● **WORK INSTRUCTIONS**: Output the listing verbatim, leaving out every picture.

● **RECORDS**:
[Start of section]

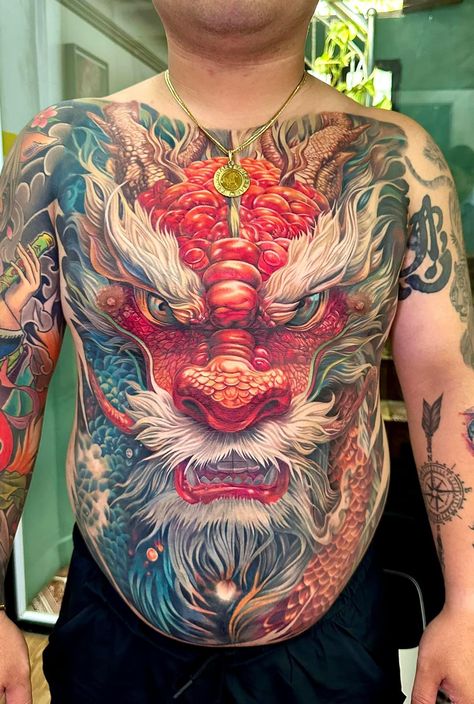 Dragon Tattoo Full Back, Dragon Tattoo Chest, Dragon Head Tattoo, Dragon Japanese, Japanese Dragon Tattoo, Full Back Tattoos, Dragon Illustration, Japanese Dragon, Tattoo Project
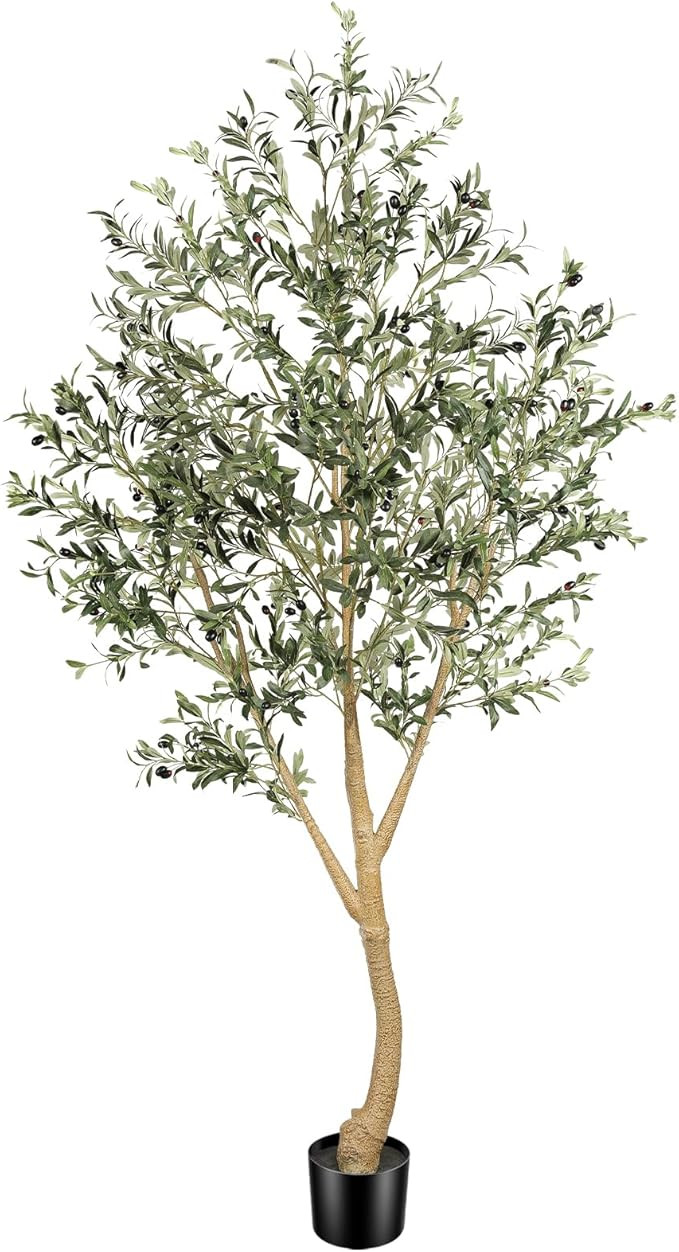 Realead 8ft Faux Olive Tree, Large Realistic Olive Trees Artificial Indoor, Tall Fake Olive Tree ... | Amazon (US)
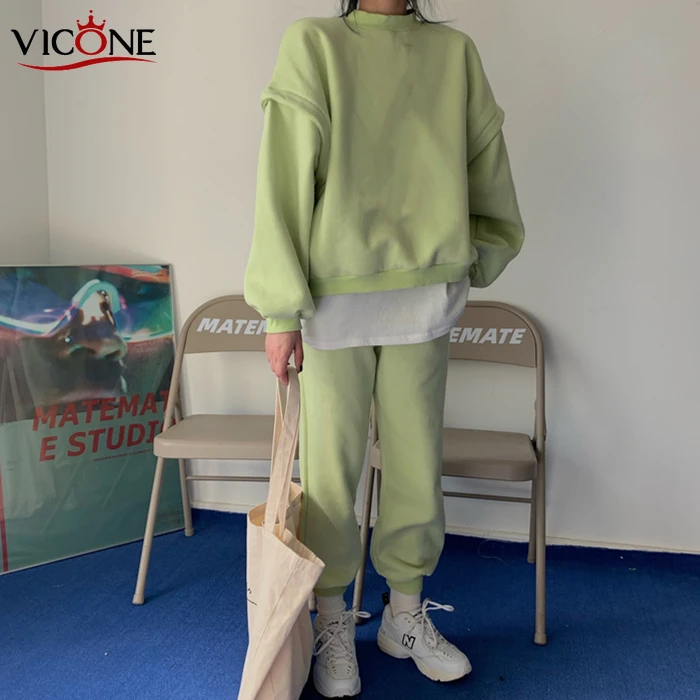 VICONE 2 шт. женский спортивный костюм для отдыха длинный рукав плюшевый топ брюки с
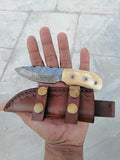 CUSTOM HANDMADE DAMASCUS HUNTING KNIFE HANDLE Made Camel Bone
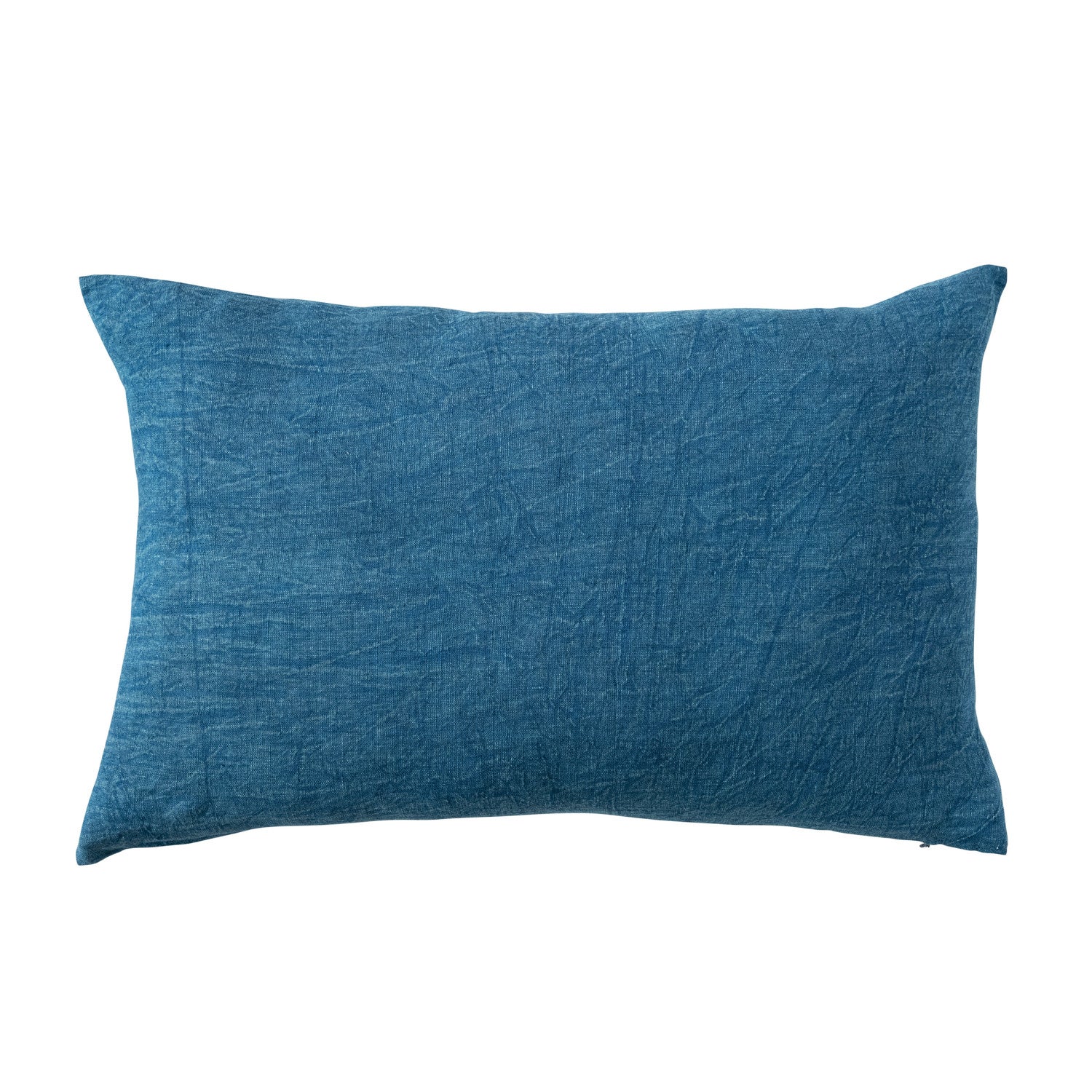 Pillow Lumbar Stonewashed Linen Navy 24"L x 16"H by Homeportonline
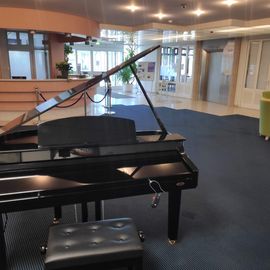 Blick in den Empfangsbereich der Klinik Baden. F&uuml;r musikalisch begabte steht ein elektrisches Klavier bereit...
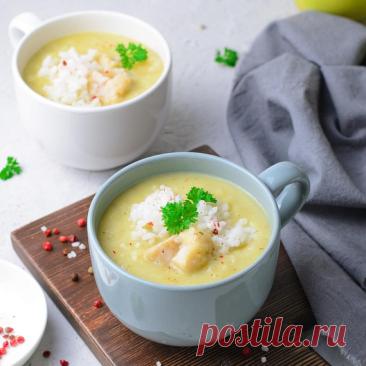 Суп-пюре из цукини с рисом и рыбой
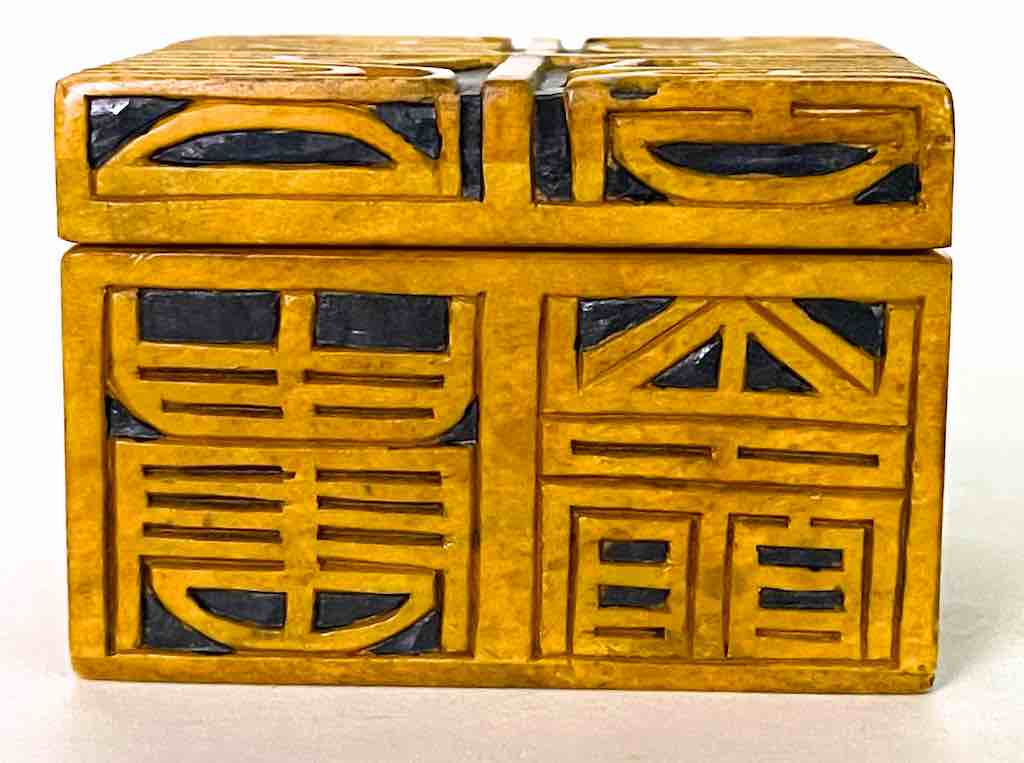 Square Happiness Character Soapstone Trinket Decor Box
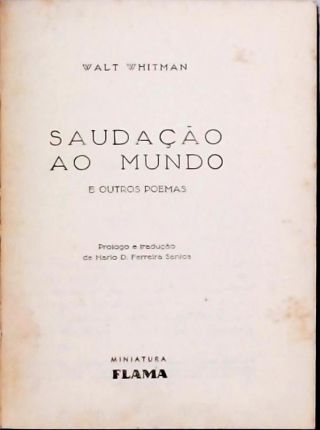 Saudação ao Mundo e Outros Poemas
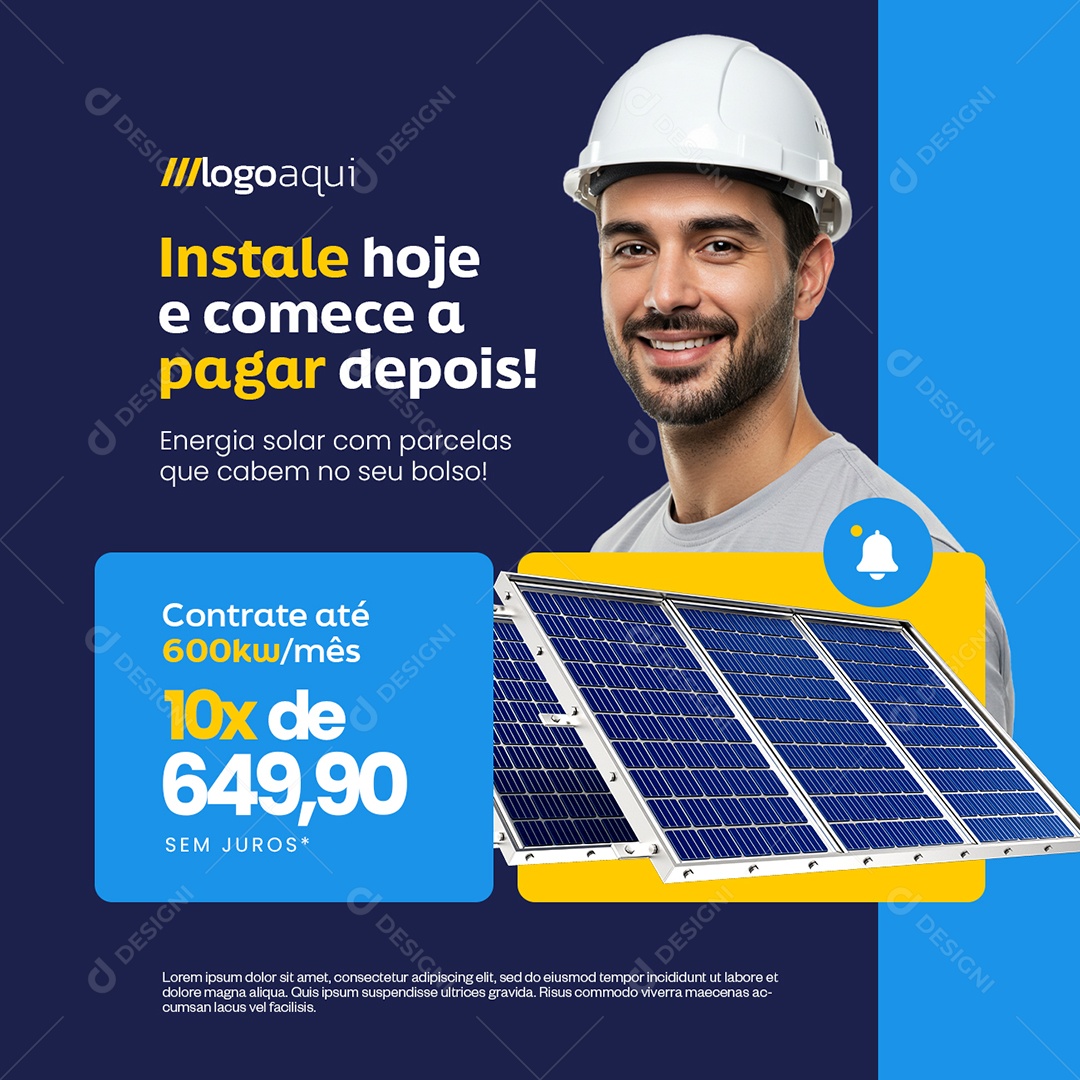 Energia Solar Instale Hoje e Comece a Pagar Depois Social Media PSD Editável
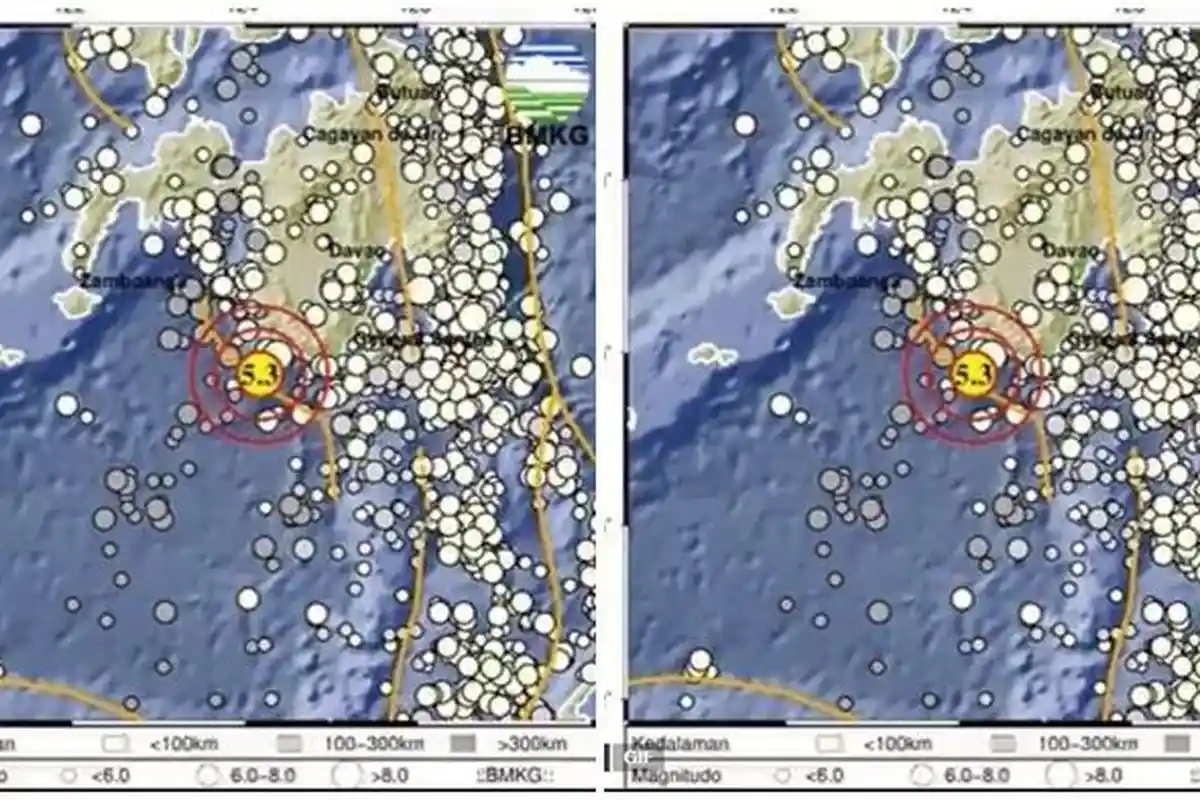 Baru Saja, Gempa Magnitudo 5.3 di Tahuna Sulawesi Utara, Info BMKG: Tak Berpotensi Tsunami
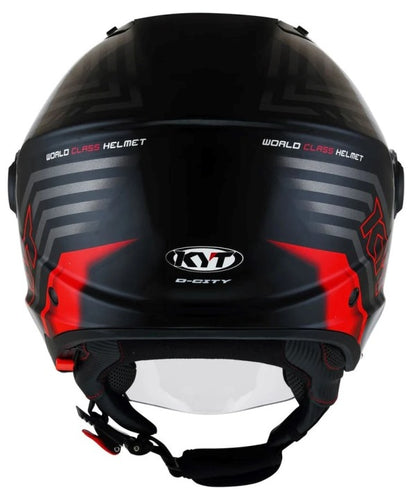 KYT D City Lucent Gloss Open Face Helmet-Black/Red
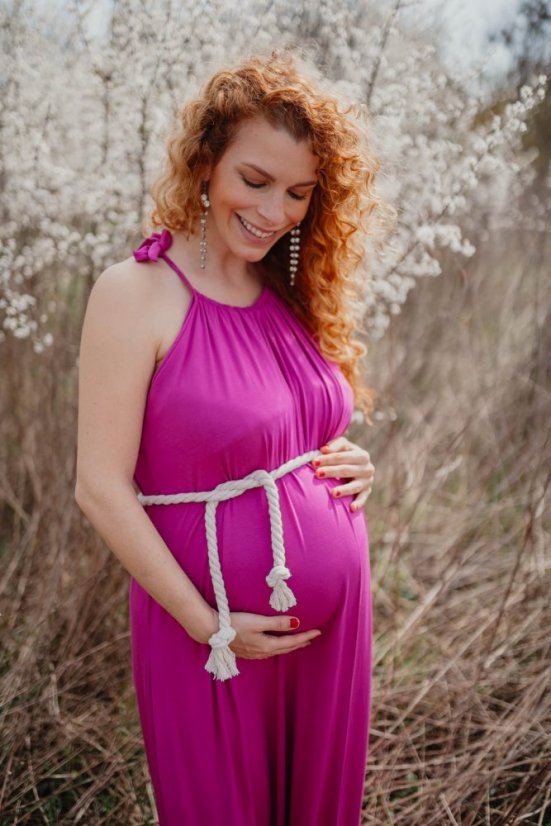 Bambusové šaty ke kojení – fuchsia - Velikost: UNI, Délka: MIDI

[End of section]

● **TASK SOLUTION**:
 Dragon Tattoo Full Back, Dragon Tattoo Chest, Dragon Head Tattoo, Dragon Japanese, Japanese Dragon Tattoo, Full Back Tattoos, Dragon Illustration, Japanese Dragon, Tattoo Project
 Realead 8ft Faux Olive Tree, Large Realistic Olive Trees Artificial Indoor, Tall Fake Olive Tree ... | Amazon (US)
 VICONE 2 шт. женский спортивный костюм для отдыха длинный рукав плюшевый топ брюки с
 CUSTOM HANDMADE DAMASCUS HUNTING KNIFE HANDLE Made Camel Bone
 Pillow Lumbar Stonewashed Linen Navy 24"L x 16"H by Homeportonline
 Blick in den Empfangsbereich der Klinik Baden. F&uuml;r musikalisch begabte steht ein elektrisches Klavier bereit...
 Суп-пюре из цукини с рисом и рыбой
 Square Happiness Character Soapstone Trinket Decor Box
 Saudação ao Mundo e Outros Poemas
 Energia Solar Instale Hoje e Comece a Pagar Depois Social Media PSD Editável
 Baru Saja, Gempa Magnitudo 5.3 di Tahuna Sulawesi Utara, Info BMKG: Tak Berpotensi Tsunami
 KYT D City Lucent Gloss Open Face Helmet-Black/Red
 Bambusové šaty ke kojení – fuchsia - Velikost: UNI, Délka: MIDI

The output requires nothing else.